Consider the following sketch of a V3 form for this purpose:

<v3:scxmlform>
  <scxml:scxml initial="choice">
    <scxml:state id="choice">
      <scxml:invoke type="vxml3field" src="#choicefield"/>
      <scxml:transition event="filled.choice" cond="choicefield == 'locator'"
                    target="locator"/>
      <scxml:transition event="filled.choice" cond="choicefield == 'lastname'"
                    target="lastname"/>
    </scxml:state>
    <scxml:state id="locator">
      <scxml:invoke type="vxml3field" src="#locatorfield"/>
      <!-- Retrieve record, transition to app menu -->
    </scxml:state>
    <scxml:state id="lastname">
      <scxml:invoke type="vxml3field" src="#lastnamefield"/>
      <!-- Collect other information needed to retrieve record,
           then retrieve record and go to app menu -->
    </scxml:state>
    <!-- Remaining dialog control flow logic omitted -->
  </scxml:scxml>
  <v3:field name="choicefield">
    <v3:grammar src="choice.grxml" type="application/srgs+xml"/>
    <v3:prompt>
      Welcome. How would you like to look up your itinerary?
    <v3:prompt>
    <v3:filled>
      <v3:throw event="filled.choice"/>
    </v3:filled>
  </v3:field>
  <v3:field name="locatorfield">
    <v3:grammar src="locator.grxml" type="application/srgs+xml"/>
    <v3:prompt>
      What is the record locator for the itinerary?
    <v3:prompt>
    <v3:filled>
      <v3:throw event="filled.locator"/>
    </v3:filled>
  </v3:field>
  <v3:field name="lastnamefield">
    <v3:grammar src="lastname.grxml" type="application/srgs+xml"/>
    <v3:prompt>
      Please say or spell your last name.
    <v3:prompt>
    <v3:filled>
      <v3:throw event="filled.lastname"/>
    </v3:filled>
  </v3:field>
  <!-- Other form items, such as the subsequent application menu omitted
-->
</v3:scxmlform>

9.2.2 Graceful Degradation

One possibility with this approach is that the absence of an <scxml:scxml> child element in a <v3:scxmlform> could revert behavior to be identical to a <v2:form> element where the V2 Form Interpretation Algorithm would be in charge.
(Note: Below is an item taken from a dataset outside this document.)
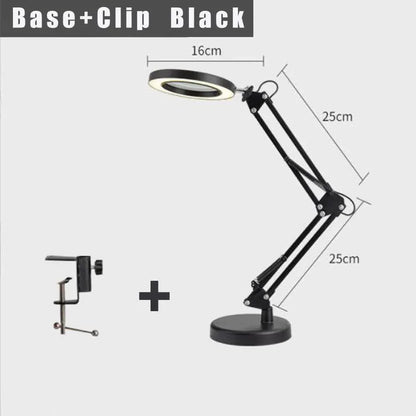 2-in-1 Black LED Magnifier Desk Lamp With Base and Clip - Hands-Free, Dimmable 3-Color Light for Crafts & Workbench - Mekamart Australia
In the presence of a <scxml:scxml> child, the FIA would be suppressed and the more expressive SCXML controller used, which would allow application developers to design the form VUI in a very flexible manner. In other words, the following <v3:scxmlform> below:

<v3:scxmlform>
  <!-- No SCXML child -->
  <!-- Various form items etc. -->
</v3:scxmlform>

behaves as would:

<v2:form>
  <!-- Various form items etc. -->
</v2:form>

9.2.3 SCXML as Basis for Recursive MVC

The above example illustrated a form-level SCXML controller. SCXML could perhaps also be used as a document level controller, where it would be managing the interaction across v3:forms, rather than v3:fields. To illustrate:

<v3:vxml>
  <scxml:scxml ...>
    <!-- document level controller managing interaction
         across form1, form2 and form3 -->
  </scxml:scxml>
  <v3:form id="form1">
    <!-- form1 content, might also have a form level SCXML controller -->
  </v3:form>
  <v3:form id="form2">
    <!-- form2 content, might also have a form level SCXML controller -->
  </v3:form>
  <v3:form id="form3">
    <!-- form3 content, might also have a form level SCXML controller -->
  </v3:form>
</v3:vxml>

A Acknowledgements

This version of VoiceXML was written with the participation of members of the W3C Voice Browser Working Group. The work of the following members has significantly facilitated the development of this specification:

The W3C Voice Browser Working Group would like to thank the W3C team, especially Kazuyuki Ashimura and Matt Womer, for their invaluable administrative and technical support.

B References

B.1 Normative References

DFP
The Voice Browser DFP Framework W3C Informative Note, February 2006. (See http://www.w3.org/Voice/2006/DFP.)
MMI
Multimodal Architecture and Interfaces W3C Working Draft Note, October 2008. (See http://www.w3.org/TR/mmi-arch/.)
DOM3Events
Document Object Model (DOM) Level 3 Events Specification Höhrmann, Le Hégaret and Pixley. W3C Working Draft, April 2006. (See http://www.w3.org/TR/2006/WD-DOM-Level-3-Events-20060413/.)
RFC2119
Key words for use in RFCs to Indicate Requirement Levels IETF RFC 2119, 1997. (See http://www.ietf.org/rfc/rfc2119.txt.)
ECMASCRIPT
Standard ECMA-262 ECMAScript Language Specification , Standard ECMA-262, December 1999. (See http://www.ecma-international.org/publications/standards/Ecma-262.htm.)
VOICEXML20
Voice Extensible Markup Language (VoiceXML) Version 2.0 McGlashan et al. W3C Recommendation, March 2004. (See http://www.w3.org/TR/voicexml20/.)
VOICEXML21
Voice Extensible Markup Language (VoiceXML) Version 2.1 Oshry et al. W3C Recommendation, May 2007. (See http://www.w3.org/TR/voicexml21/.)
SSML
Speech Synthesis Markup Language Version 1.0 Burnett, Walker and Hunt. W3C Recommendation, September 2004. (See http://www.w3.org/TR/speech-synthesis/.)
SRGS
Speech Recognition Grammar Specification Version 1.0 Hunt and McGlashan. W3C Recommendation, March 2004. (See http://www.w3.org/TR/speech-grammar/.)
RFC2616
Hypertext Transfer Protocol -- HTTP/1.1 IETF RFC 2616, 1999. (See http://www.ietf.org/rfc/rfc2616.txt.)
RFC2396
Uniform Resource Identifiers (URI): Generic Syntax IETF RFC 2396, 1998. (See http://www.ietf.org/rfc/rfc2396.txt.)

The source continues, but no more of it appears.